Content starts
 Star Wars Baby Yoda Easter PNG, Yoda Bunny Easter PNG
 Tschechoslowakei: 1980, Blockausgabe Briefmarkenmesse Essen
Content ends
Content starts
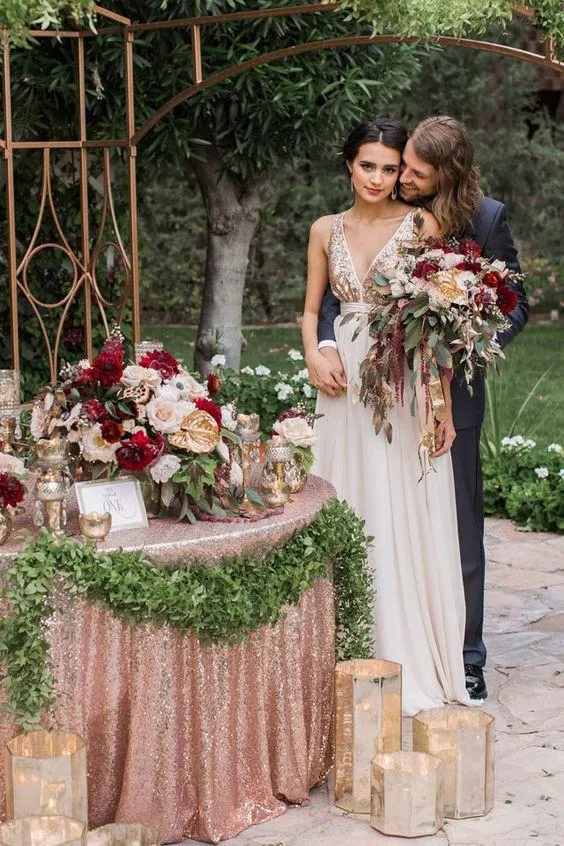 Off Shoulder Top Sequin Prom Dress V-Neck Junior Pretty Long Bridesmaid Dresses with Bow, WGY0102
Content ends
Aim of the exercise | From the records above, reproduce exactly the lines from the one with "Star Wars Baby" to the one with "Tschechoslowakei: 1980, Blockausgabe", both included, and no others.

Written answer |
 Star Wars Baby Yoda Easter PNG, Yoda Bunny Easter PNG
 Tschechoslowakei: 1980, Blockausgabe Briefmarkenmesse Essen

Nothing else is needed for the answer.